The FTC just banned noncompete agreements
TL;DR
The Federal Trade Commission’s decision last Tuesday to ban nearly all noncompete agreements between employers and employees should increase innovation, create 8,500 new businesses per year and — most importantly — open the door to more competitive wages.Last week, some big news went largely (and unsurprisingly) ignored by mainstream media. That’s because it involved something that people on both sides of the aisle agree with.
And these days, it seems that if the media can’t spin it in a way that further divides Americans … it’s not worthy of the news cycle.
But the FTC has banned nearly all noncompete agreements between employers and employees.
Why’s this such a big deal?
The average American raise is 3%, and in the event that you haven’t seen a headline since 2020, that’s being far outpaced by inflation … meaning the typical annual merit increase (if you’re lucky enough to receive one) is incapable of keeping pace with cost-of-living increases.
And while noncompetes were often put in place to protect workplace secrets, the reality is that they stripped Americans of their economic liberty.

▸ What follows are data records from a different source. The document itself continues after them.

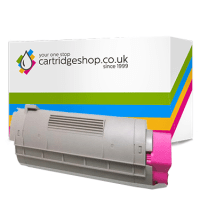 Compatible OKI 43324422 Magenta Toner Cartridge Compatible OKI 43324422 Magenta Toner Cartridge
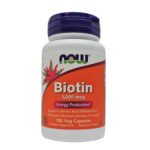 NOW Biotin 1000mcg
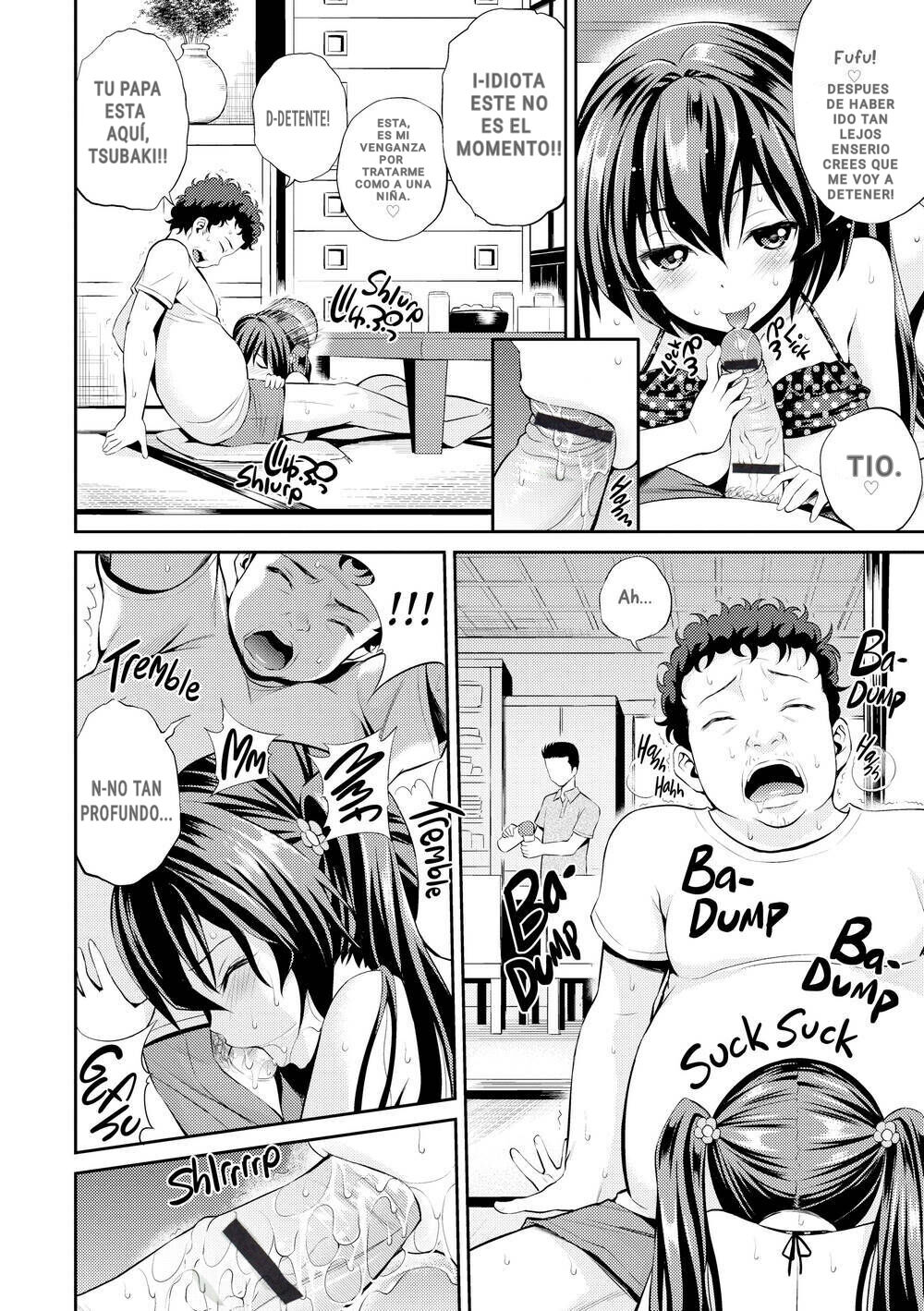 Summer &amp; Me page 8 full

In short, workers who signed noncompetes — which date back to 1414 and English common law — have been precluded from exploring better opportunities within the industries they work.

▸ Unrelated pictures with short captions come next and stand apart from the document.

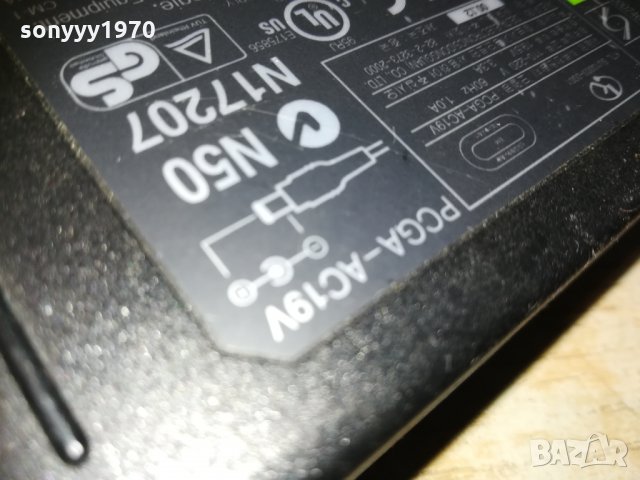 sony adapter 19.5v/3.3amp 2712201813, снимка 13 - Лаптоп аксесоари - 31235962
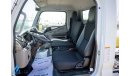 Mitsubishi Canter long chassis 16FT 3.0L Euro 5 With ABS 170 Fuel Tank model 2023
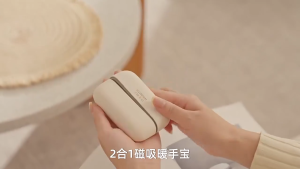 SG Portable Magnetic Hand Warmer 2 in 1 6000mAh USB Rechargeable Electric Hand Warmer winter gift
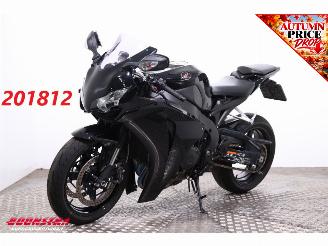 Unfall Kfz Motorrad Honda  CBR 1000RR Fireblade 26.130 km! 2011/8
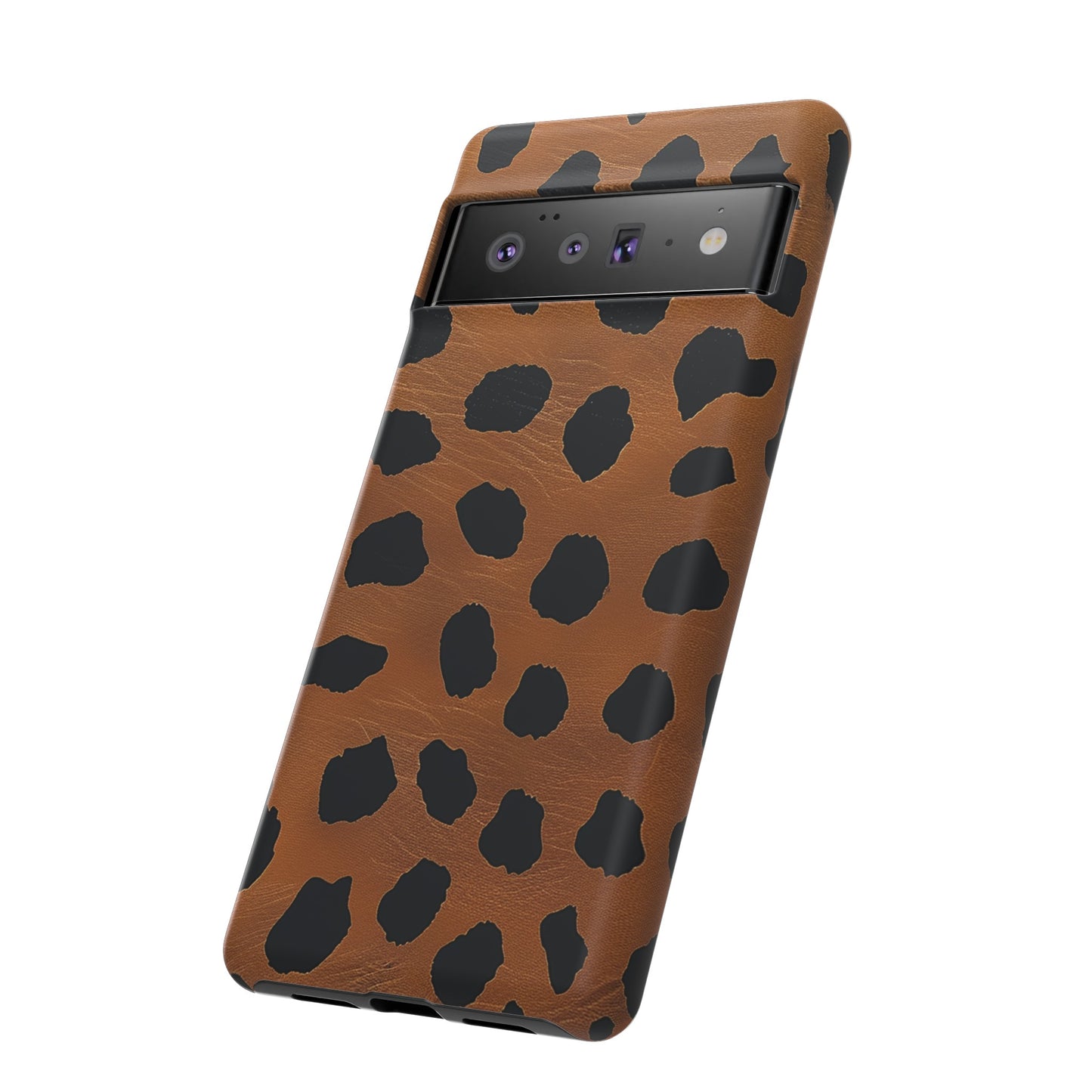 Animal Print Tough Phone Case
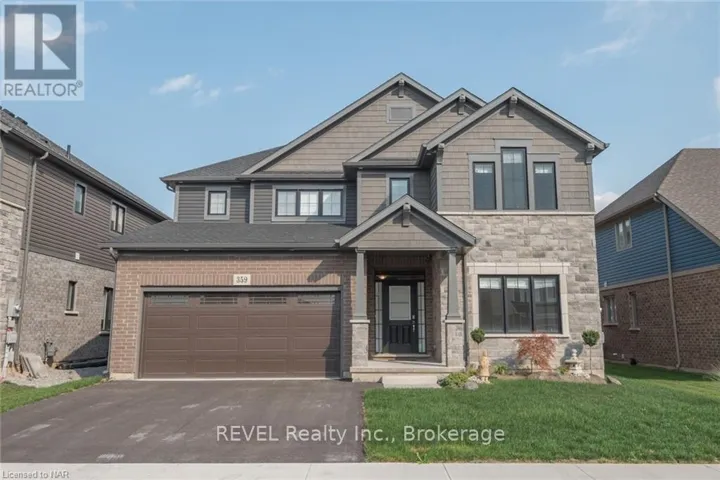 359 SILVERWOOD AVENUE, Welland (Coyle Creek), Ontario L3C0C6
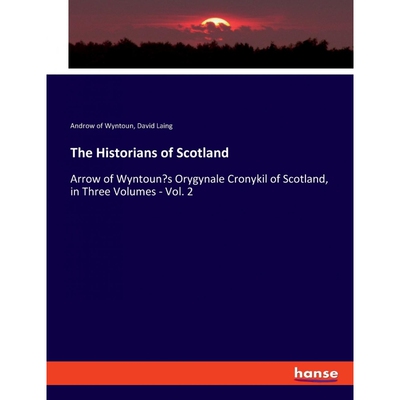按需印刷The Historians of Scotland[9783348059749]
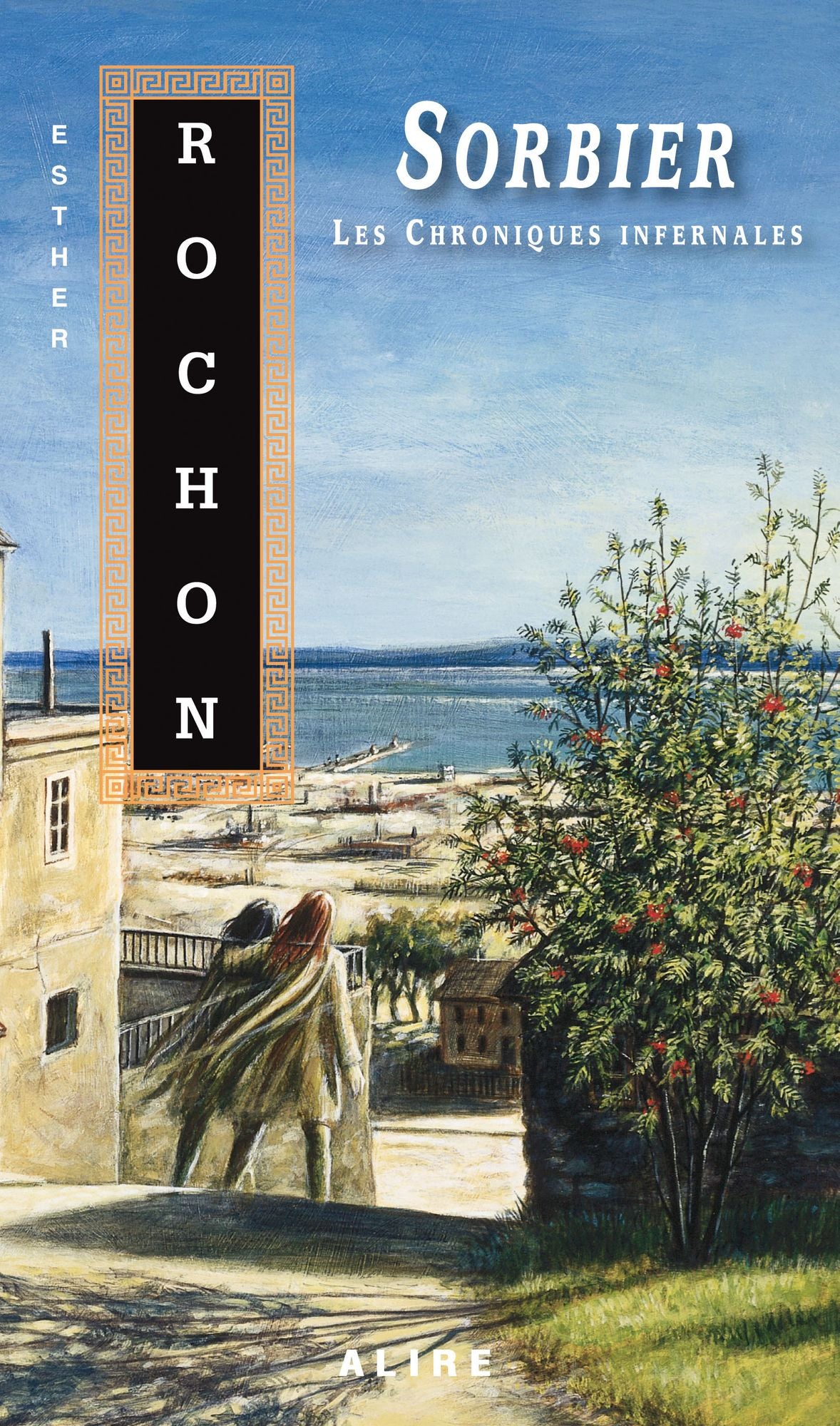 Sorbier: Les Chroniques infernales -6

That’s about to change, though, thanks to the FTC, which claims that the policy adjustment could lead to increased wages totaling nearly $300 billion per year by encouraging people to change jobs.
Workplace Loyalty Is Dead
Ever hear a manager compare your company to “family?” Red flag. It’s an insincerely deployed phrase to curry favor with workers and seed loyalty they’re no longer worthy of.
They’re not family. And if they were, they’d be the ones you hesitate to invite to the reunion.
While some people establish lasting relationships with coworkers, the implicit employment contract is black and white: You sell your labor to an employer for compensation.
Period.
And with diminishing perks over the last few decades, the basis of the employer-employee relationship is clearer than ever.
As we discussed in a retirement-focused issue last year, companies began moving away from pensions and toward defined contribution plans in the late ‘70s and early ‘80s.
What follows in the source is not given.